* Exercise description
Your task is to return, word for word, only the lines from the line with "Rataneshwori Goshwami of" through the close of the data. Exclude all pictures.
+ + +
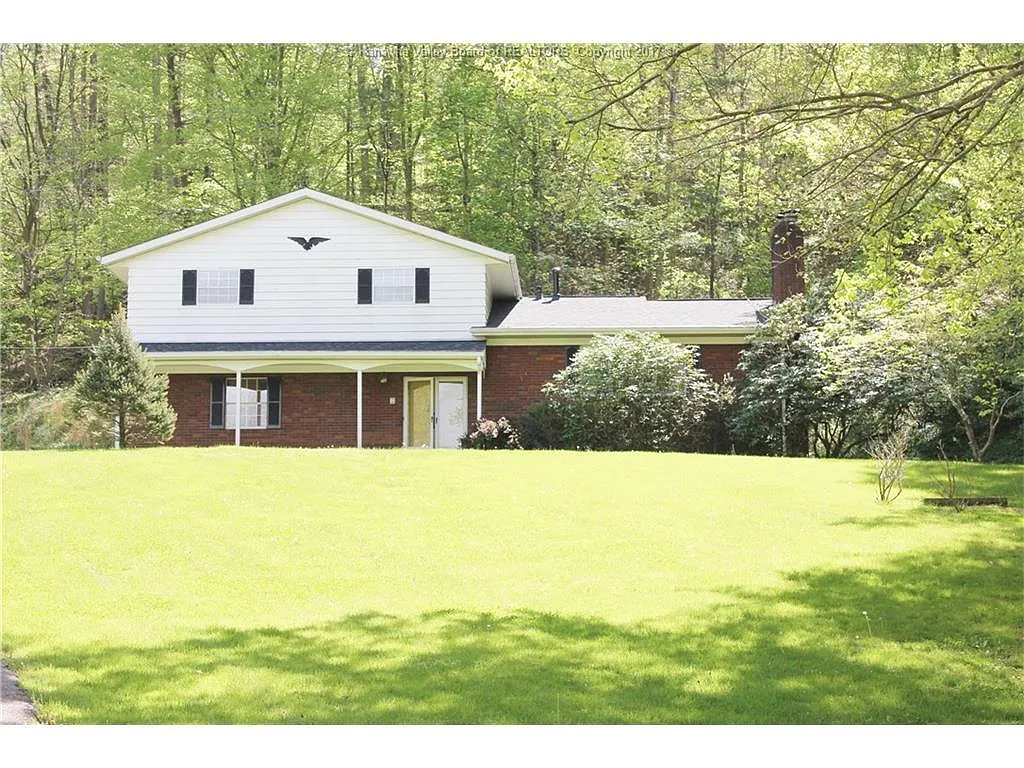 114 Brookhaven Cir photo 1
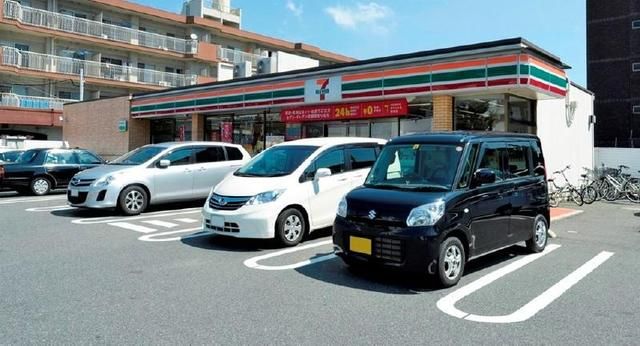 近くのコンビニまで850m（徒歩11分）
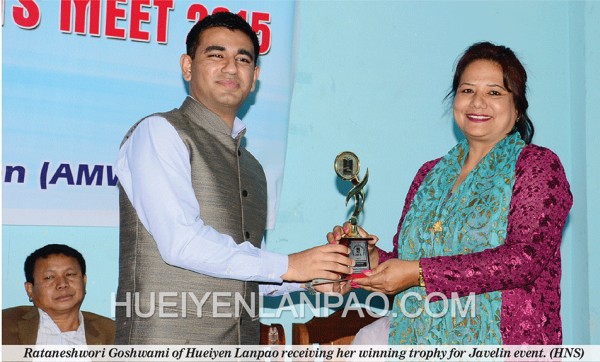 Rataneshwori Goshwami of Hueiyen Lanpao receiving her winning trophy for Javelin event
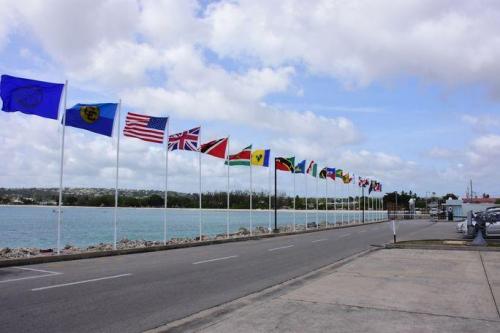 Bandeiras das nações participantes do Exercício Tradewinds 2017 foram hasteadas no dia 6 de junho. O Tradewinds é um exercício anual combinado e de foco regional, patrocinado pelo Comando Sul dos EUA (SOUTHCOM), realizado com a finalidade de aumentar a interoperabilidade das nações participantes e melhorar a segurança no Caribe. (Foto: 246Paps Photography)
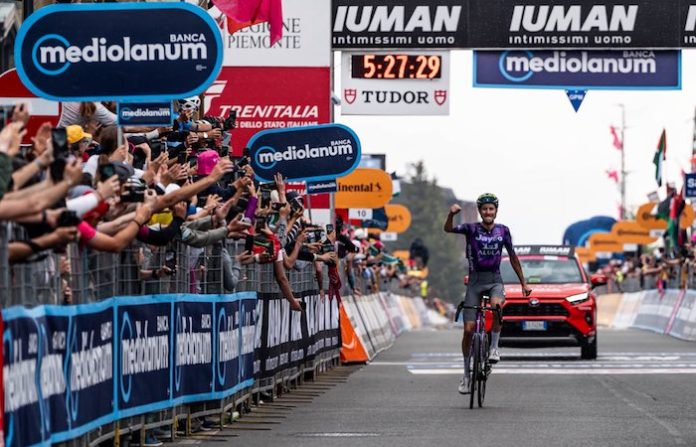 Yates conquista el Giro de Italia y arrebata el sueño a Del Toro
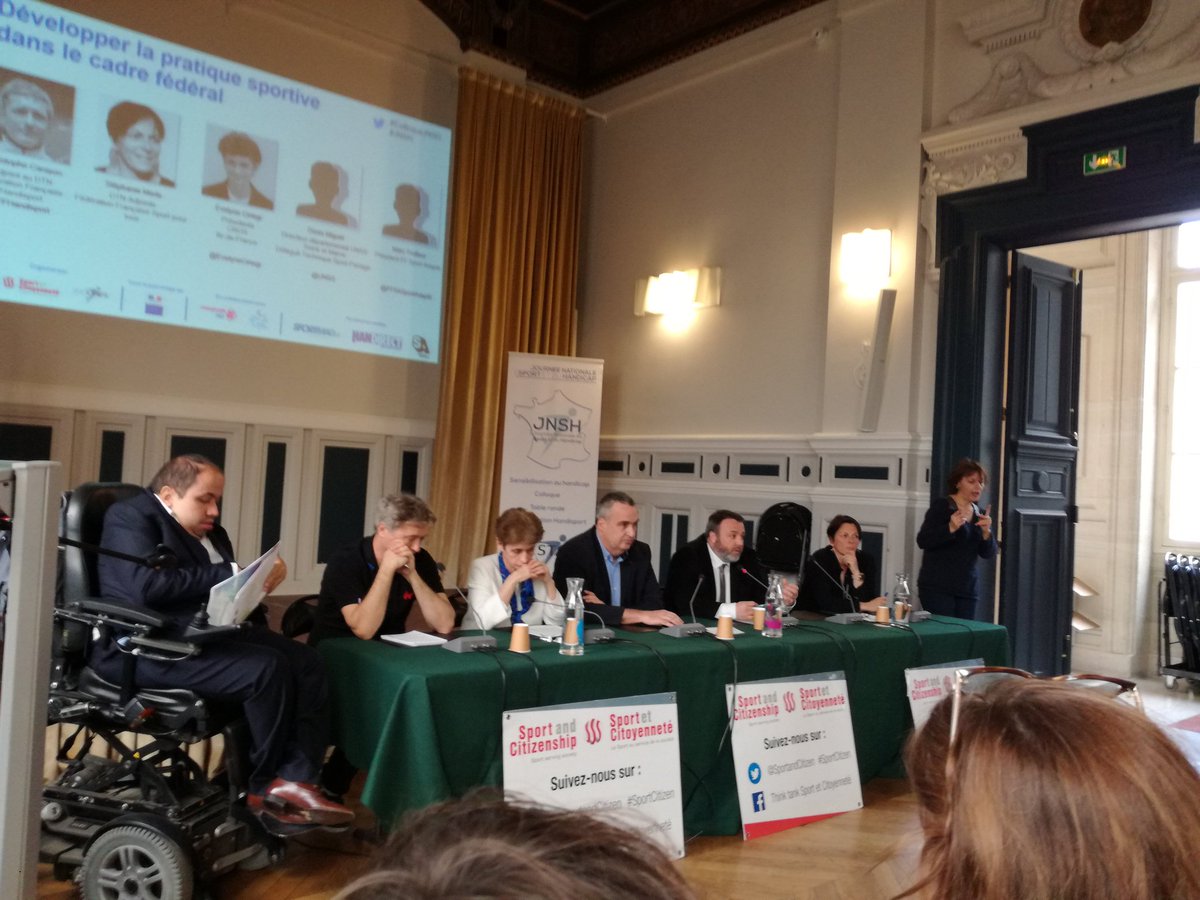 SportandCitizen's tweet photo. 🎙️Denis Miguet "Nous avons développé avec l'@unss les compétitions de sport partagé avec 2 élèves en situations de handicap et 2 élèves valides pour qu'ils apprennent les uns des autres" #ColloqueJNSH 🤝 https://t.co/3EltzesNMq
+ + +
* Solution to the exercise
 Rataneshwori Goshwami of Hueiyen Lanpao receiving her winning trophy for Javelin event
 Bandeiras das nações participantes do Exercício Tradewinds 2017 foram hasteadas no dia 6 de junho. O Tradewinds é um exercício anual combinado e de foco regional, patrocinado pelo Comando Sul dos EUA (SOUTHCOM), realizado com a finalidade de aumentar a interoperabilidade das nações participantes e melhorar a segurança no Caribe. (Foto: 246Paps Photography)
 Yates conquista el Giro de Italia y arrebata el sueño a Del Toro
 SportandCitizen's tweet photo. 🎙️Denis Miguet "Nous avons développé avec l'@unss les compétitions de sport partagé avec 2 élèves en situations de handicap et 2 élèves valides pour qu'ils apprennent les uns des autres" #ColloqueJNSH 🤝 https://t.co/3EltzesNMq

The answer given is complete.